After finding the line with "ভেজাল পণ্য বিক্রয়কারীদের" in the entries below, retype exactly each line from there through the line with "Регбийный мяч", including that final line.

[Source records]
<<<<
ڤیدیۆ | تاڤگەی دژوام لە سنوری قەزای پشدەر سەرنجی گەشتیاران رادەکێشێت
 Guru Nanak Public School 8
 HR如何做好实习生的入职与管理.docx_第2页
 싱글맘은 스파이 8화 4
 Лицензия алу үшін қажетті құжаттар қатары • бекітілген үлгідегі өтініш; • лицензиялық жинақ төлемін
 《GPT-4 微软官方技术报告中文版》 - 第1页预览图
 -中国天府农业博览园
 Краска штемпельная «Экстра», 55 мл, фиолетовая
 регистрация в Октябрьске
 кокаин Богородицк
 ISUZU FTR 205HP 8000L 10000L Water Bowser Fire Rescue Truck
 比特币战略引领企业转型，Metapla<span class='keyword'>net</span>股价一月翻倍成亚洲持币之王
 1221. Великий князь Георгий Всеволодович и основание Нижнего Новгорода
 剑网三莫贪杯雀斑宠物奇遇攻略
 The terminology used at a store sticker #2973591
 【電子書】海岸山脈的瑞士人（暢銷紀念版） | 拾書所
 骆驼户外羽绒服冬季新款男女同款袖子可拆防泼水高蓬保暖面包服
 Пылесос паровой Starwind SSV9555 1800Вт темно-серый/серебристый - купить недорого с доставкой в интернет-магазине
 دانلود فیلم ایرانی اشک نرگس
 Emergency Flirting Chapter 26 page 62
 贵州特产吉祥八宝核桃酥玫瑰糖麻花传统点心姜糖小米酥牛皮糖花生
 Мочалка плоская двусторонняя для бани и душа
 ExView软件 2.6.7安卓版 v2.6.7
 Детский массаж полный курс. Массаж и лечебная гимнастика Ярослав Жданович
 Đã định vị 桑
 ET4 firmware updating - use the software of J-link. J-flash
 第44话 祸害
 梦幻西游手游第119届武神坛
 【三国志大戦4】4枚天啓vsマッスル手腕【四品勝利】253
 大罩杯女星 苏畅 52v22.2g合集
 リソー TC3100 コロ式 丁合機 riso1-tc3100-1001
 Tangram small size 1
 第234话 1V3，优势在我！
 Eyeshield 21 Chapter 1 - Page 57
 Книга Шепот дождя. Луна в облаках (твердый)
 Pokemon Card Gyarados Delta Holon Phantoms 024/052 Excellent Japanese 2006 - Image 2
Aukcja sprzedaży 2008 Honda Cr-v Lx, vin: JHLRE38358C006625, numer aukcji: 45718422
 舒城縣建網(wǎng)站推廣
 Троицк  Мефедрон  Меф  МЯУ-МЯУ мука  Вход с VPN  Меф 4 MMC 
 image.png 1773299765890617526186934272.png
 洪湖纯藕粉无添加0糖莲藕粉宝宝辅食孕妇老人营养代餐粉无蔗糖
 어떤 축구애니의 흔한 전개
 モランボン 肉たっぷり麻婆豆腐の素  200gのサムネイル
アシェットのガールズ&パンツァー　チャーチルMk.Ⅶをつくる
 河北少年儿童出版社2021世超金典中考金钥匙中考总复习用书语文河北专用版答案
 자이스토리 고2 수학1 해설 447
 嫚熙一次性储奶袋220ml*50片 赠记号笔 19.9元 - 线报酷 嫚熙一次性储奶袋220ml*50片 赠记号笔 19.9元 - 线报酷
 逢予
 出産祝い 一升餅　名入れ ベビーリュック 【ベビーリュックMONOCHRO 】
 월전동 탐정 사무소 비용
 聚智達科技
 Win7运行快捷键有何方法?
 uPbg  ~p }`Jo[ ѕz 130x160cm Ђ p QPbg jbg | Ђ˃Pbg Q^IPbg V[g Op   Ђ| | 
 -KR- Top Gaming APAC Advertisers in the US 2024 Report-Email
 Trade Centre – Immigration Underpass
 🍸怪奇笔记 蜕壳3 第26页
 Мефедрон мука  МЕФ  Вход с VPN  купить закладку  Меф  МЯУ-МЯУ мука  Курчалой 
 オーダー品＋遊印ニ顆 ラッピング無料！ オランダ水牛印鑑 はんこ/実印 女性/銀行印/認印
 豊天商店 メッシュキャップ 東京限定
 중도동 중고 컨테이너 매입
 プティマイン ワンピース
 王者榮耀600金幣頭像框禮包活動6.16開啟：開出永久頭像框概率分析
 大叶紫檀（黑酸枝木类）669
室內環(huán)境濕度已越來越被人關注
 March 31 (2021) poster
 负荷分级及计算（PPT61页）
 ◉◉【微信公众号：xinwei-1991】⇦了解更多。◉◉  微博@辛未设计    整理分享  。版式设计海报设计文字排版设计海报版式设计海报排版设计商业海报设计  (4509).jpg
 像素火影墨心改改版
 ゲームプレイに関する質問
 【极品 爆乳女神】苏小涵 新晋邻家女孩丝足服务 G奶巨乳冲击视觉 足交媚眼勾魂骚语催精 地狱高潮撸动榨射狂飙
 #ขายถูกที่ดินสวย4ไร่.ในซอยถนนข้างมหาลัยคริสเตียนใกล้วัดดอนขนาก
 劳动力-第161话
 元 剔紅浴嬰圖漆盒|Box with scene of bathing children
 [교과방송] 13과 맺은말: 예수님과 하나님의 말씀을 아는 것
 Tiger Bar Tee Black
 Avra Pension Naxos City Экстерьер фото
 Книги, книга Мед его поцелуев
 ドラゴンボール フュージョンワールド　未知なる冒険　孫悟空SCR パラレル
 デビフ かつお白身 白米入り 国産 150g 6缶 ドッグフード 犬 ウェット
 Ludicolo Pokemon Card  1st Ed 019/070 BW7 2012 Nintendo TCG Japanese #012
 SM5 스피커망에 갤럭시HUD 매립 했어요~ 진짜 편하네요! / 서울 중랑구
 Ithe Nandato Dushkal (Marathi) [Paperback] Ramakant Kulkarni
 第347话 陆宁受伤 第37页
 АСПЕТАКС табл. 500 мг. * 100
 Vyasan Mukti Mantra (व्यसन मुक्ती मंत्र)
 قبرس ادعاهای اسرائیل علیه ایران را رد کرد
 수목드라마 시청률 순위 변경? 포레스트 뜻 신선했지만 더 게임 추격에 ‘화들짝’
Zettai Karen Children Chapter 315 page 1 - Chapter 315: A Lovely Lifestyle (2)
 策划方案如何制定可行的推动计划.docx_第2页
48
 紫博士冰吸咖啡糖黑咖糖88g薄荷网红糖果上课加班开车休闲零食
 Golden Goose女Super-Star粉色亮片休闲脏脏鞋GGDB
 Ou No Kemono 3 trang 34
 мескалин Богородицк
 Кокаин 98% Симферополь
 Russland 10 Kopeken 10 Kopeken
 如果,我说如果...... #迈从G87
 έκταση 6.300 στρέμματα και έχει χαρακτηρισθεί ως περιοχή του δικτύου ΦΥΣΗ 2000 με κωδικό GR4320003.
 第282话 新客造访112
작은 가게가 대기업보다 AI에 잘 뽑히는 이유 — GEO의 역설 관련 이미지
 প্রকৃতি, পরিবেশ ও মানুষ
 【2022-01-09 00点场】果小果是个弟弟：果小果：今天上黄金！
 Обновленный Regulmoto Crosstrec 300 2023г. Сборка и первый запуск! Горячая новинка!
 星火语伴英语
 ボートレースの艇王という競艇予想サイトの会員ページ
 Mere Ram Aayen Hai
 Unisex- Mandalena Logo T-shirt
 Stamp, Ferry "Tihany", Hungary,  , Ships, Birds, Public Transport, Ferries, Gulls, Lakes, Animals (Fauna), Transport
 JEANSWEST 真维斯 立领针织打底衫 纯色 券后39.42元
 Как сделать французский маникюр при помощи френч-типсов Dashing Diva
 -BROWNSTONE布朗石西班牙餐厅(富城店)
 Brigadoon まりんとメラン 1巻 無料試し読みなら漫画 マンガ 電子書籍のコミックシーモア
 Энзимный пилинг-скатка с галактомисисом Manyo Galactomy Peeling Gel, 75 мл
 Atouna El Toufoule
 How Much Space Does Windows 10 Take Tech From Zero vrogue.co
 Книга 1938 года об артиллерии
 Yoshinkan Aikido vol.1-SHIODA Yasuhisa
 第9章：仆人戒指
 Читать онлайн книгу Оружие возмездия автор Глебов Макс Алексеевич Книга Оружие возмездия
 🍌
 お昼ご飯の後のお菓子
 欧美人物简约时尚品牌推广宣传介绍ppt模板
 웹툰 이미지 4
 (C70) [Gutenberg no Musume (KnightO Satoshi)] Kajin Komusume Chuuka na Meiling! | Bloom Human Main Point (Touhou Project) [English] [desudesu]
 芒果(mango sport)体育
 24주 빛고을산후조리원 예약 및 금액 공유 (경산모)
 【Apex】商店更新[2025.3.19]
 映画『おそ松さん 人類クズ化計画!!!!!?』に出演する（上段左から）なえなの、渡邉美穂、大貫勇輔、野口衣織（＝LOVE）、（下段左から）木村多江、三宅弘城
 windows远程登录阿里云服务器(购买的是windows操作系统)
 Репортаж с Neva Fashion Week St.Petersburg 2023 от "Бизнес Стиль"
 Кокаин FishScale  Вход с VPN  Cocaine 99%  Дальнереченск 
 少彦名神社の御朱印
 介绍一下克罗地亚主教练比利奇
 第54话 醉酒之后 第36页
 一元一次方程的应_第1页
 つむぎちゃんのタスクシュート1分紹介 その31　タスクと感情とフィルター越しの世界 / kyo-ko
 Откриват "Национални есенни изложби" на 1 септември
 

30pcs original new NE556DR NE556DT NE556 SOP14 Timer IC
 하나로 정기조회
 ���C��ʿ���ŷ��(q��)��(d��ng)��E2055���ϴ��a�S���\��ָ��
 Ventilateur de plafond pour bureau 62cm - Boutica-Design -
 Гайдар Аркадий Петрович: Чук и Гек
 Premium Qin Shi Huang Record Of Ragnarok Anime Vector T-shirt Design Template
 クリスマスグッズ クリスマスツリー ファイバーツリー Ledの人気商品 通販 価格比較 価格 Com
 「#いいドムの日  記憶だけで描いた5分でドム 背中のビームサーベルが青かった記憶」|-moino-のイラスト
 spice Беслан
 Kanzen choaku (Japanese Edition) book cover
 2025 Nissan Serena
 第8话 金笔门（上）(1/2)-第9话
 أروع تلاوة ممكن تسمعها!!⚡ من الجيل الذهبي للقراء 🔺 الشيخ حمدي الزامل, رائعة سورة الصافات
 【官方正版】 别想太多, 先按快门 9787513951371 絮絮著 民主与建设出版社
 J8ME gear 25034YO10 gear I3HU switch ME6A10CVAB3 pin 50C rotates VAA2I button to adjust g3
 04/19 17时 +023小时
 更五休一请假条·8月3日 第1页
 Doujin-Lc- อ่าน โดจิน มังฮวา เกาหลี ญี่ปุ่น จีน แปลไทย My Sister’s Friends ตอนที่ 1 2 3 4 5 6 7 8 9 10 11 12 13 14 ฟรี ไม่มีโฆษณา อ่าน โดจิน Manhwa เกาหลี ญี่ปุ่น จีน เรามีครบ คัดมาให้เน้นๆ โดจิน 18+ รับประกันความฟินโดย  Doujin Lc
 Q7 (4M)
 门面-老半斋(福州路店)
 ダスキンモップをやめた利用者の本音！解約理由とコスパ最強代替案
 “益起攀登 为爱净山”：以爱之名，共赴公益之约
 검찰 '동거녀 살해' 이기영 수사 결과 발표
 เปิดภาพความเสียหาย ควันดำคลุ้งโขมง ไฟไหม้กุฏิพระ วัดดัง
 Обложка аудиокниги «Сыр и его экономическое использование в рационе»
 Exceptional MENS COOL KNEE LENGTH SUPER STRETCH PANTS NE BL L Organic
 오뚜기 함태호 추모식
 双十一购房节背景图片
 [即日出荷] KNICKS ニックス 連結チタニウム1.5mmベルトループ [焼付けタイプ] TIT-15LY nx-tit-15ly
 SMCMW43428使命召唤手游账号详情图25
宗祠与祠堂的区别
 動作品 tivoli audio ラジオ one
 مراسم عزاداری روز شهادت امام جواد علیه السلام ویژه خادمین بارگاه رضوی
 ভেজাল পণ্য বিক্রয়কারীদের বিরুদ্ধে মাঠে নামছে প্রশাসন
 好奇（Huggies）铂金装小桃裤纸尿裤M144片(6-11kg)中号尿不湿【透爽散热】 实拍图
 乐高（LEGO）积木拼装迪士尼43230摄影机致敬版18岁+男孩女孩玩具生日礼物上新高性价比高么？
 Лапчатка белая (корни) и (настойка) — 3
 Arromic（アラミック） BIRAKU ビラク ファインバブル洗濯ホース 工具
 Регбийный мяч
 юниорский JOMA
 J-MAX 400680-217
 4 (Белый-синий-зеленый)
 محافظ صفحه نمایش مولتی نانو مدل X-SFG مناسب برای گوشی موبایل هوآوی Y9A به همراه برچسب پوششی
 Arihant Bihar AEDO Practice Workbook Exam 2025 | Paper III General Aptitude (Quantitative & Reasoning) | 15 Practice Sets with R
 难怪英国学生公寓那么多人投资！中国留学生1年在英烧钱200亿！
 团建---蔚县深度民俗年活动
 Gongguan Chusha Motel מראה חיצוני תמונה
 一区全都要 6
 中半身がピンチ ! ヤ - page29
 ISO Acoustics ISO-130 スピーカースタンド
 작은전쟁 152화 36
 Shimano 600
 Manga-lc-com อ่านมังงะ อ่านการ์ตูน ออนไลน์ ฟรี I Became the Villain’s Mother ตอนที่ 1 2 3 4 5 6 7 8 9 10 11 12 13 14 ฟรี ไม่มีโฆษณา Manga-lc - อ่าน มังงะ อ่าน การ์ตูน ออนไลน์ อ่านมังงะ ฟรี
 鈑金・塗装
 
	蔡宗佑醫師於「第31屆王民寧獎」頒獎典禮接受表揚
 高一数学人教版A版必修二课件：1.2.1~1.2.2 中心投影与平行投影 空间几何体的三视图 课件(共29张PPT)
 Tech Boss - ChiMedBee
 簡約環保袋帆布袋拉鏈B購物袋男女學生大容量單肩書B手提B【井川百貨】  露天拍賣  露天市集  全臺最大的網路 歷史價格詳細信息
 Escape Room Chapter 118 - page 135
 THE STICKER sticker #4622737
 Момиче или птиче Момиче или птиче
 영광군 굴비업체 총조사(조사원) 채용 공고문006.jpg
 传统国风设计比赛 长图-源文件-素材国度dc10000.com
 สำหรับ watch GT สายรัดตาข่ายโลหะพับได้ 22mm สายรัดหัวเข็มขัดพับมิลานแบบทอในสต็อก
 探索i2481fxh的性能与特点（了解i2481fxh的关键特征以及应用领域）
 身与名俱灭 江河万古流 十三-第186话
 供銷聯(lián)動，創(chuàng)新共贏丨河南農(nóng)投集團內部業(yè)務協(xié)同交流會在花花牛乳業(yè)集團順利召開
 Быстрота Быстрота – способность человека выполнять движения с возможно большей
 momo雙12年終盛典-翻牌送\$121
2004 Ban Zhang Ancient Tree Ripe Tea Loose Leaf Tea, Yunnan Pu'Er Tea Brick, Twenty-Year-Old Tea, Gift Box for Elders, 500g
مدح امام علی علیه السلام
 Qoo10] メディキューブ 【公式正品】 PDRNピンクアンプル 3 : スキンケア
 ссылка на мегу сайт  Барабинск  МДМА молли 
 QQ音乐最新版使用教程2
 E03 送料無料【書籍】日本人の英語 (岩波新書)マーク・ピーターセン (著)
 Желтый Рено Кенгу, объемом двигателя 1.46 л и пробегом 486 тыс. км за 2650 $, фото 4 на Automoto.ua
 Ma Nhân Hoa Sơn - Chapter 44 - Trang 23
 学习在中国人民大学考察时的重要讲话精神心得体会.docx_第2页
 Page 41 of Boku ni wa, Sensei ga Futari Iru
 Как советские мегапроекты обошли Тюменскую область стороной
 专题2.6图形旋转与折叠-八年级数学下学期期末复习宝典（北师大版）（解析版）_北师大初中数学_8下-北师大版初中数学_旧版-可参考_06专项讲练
>>>>
Solved exercise
 ভেজাল পণ্য বিক্রয়কারীদের বিরুদ্ধে মাঠে নামছে প্রশাসন
 好奇（Huggies）铂金装小桃裤纸尿裤M144片(6-11kg)中号尿不湿【透爽散热】 实拍图
 乐高（LEGO）积木拼装迪士尼43230摄影机致敬版18岁+男孩女孩玩具生日礼物上新高性价比高么？
 Лапчатка белая (корни) и (настойка) — 3
 Arromic（アラミック） BIRAKU ビラク ファインバブル洗濯ホース 工具
 Регбийный мяч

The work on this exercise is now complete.